Comme l’ont raconté plusieurs personnes survivantes et témoins, la brutalité avec laquelle les membres de ces bandes avaient commis ces actes indiquait une intention claire de punir celles ou ceux qui étaient considérés comme des sympathisants de groupes rivaux.
Lors d’affrontements, des membres de bandes organisées ont violé des femmes et des filles, souvent issues de quartiers pauvres et marginalisés, ainsi que, dans une moindre mesure, des hommes, des garçons et des personnes lesbiennes, gays, bisexuelles, transgenres, queers et intersexes. Dans certains cas, des femmes ont été violées devant leurs enfants après avoir été forcées d’assister à l’exécution de leurs maris.
Les bandes organisées ciblaient également les femmes et les filles qui se rendaient dans des quartiers sous contrôle de bandes rivales pour mener des activités de subsistances ou aller à l’école. De nombreuses victimes ont été forcées de sortir de leur véhicule sous la menace d’une arme, puis dépouillées avant de subir des viols collectifs, en plein jour.

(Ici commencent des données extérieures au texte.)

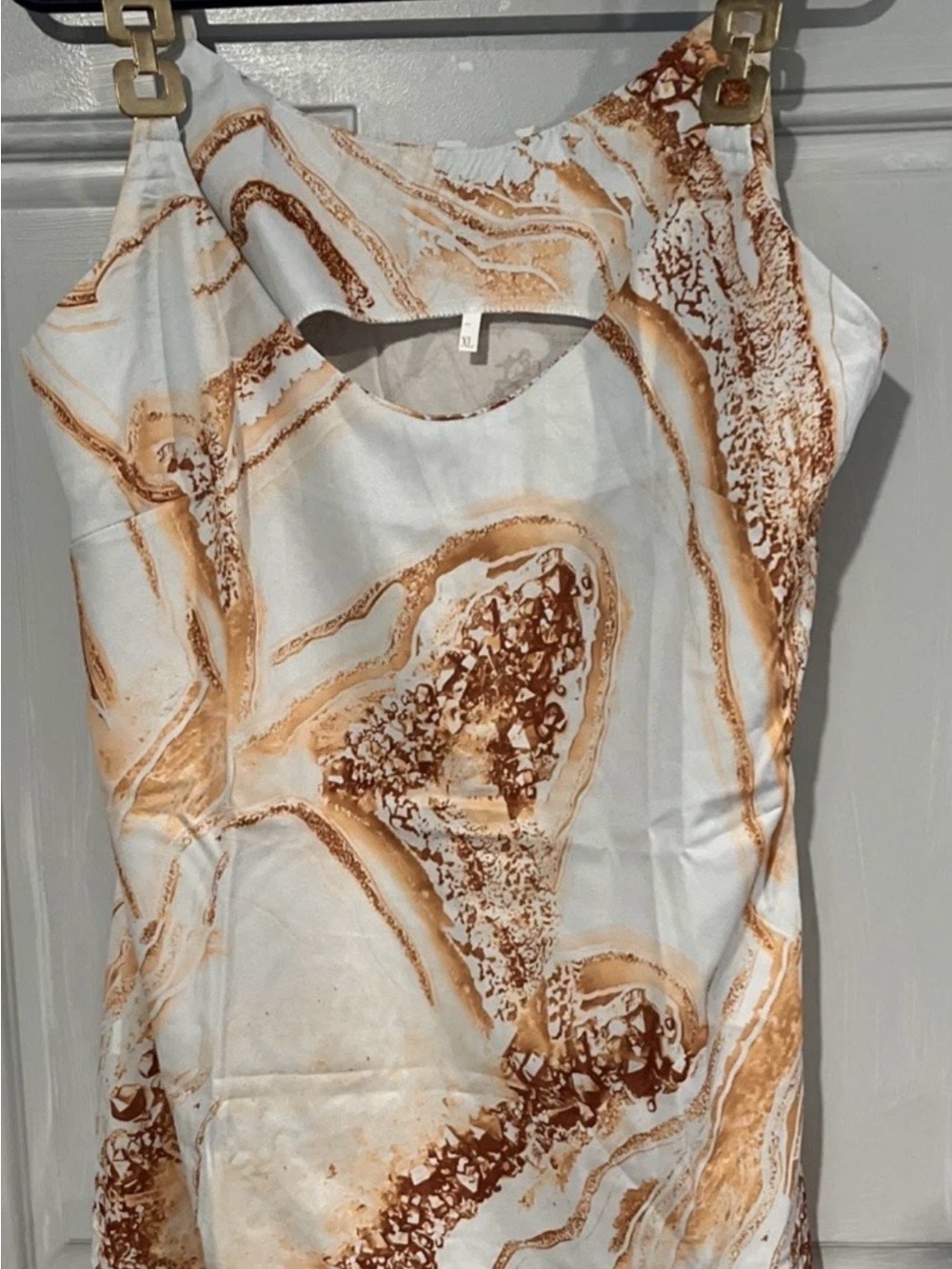 Size XL Marble-Print Scoop Neck Tank Top in White and Brown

Des personnes survivantes et des témoins ont raconté que les personnes enlevées étaient parfois violées à plusieurs reprises par plusieurs hommes armés dans des maisons abandonnées où ceux -ci les détenaient pendant des semaines.
En outre, il arrive que des membres de bandes organisées contraignent des jeunes femmes, des filles et parfois des hommes à devenir leurs « partenaires » sexuels en échange de nourriture, d’eau potable et de la « protection » des personnes visées et de leurs proches contre d’autres agresseurs potentiels. En novembre 2022, comme suite au rapport conjoint, le Premier Ministre de la République d’Haïti a envoyé une lettre ouverte à ma Représentante spéciale et Chef du Bureau intégré des Nations Unies en Haïti, dans laquelle il s’est engagé au nom de son gouvernement à lutter contre les violences sexuelles et à proposer des mesures de réparation et des solutions.
En outre, soucieux de s’attaquer à l’un des principaux facteurs de la violence organisée, le Gouvernement a achevé en août 2022 l’élaboration d’un plan d’action national s’inscrivant dans le cadre de l’initiative « Roadmap for Implementing the Caribbean Priority Actions on the Illicit Proliferation of Firearms and Ammunition across the Caribbean in a Sustainable Manner by 2030 » (plan d’action pour l’exécution durable des mesures prioritaires contre la prolifération illicite des armes à feu et des munitions dans les Caraïbes à l’horizon 2030), l’objectif étant d’endiguer l’afflux illicite d’armes et de munitions dans le pays.
Des contraintes logistiques et financières compromettent la capacité des institutions nationales garantes de l’état de droit d’enquêter sur les violences sexuelles et de les combattre, et les membres de la police craignent souvent de faire l’objet de représailles de la part des bandes armées. Les personnes survivantes et les témoins ne bénéficient pas d’une protection suffisante, ce qui les dissuade de porter plainte.
Tout au long de 2021 et de 2022, des établissements de santé, des hôpitaux et des professionnels de la santé ont été attaqués ou contraints de suspendre leurs activités en raison de violences ou de menaces émanant de bandes organisées. Des organisations de défense des droits des femmes ont signalé que des membres de leur personnel avaient subi des viols, des agressions physiques et des menaces.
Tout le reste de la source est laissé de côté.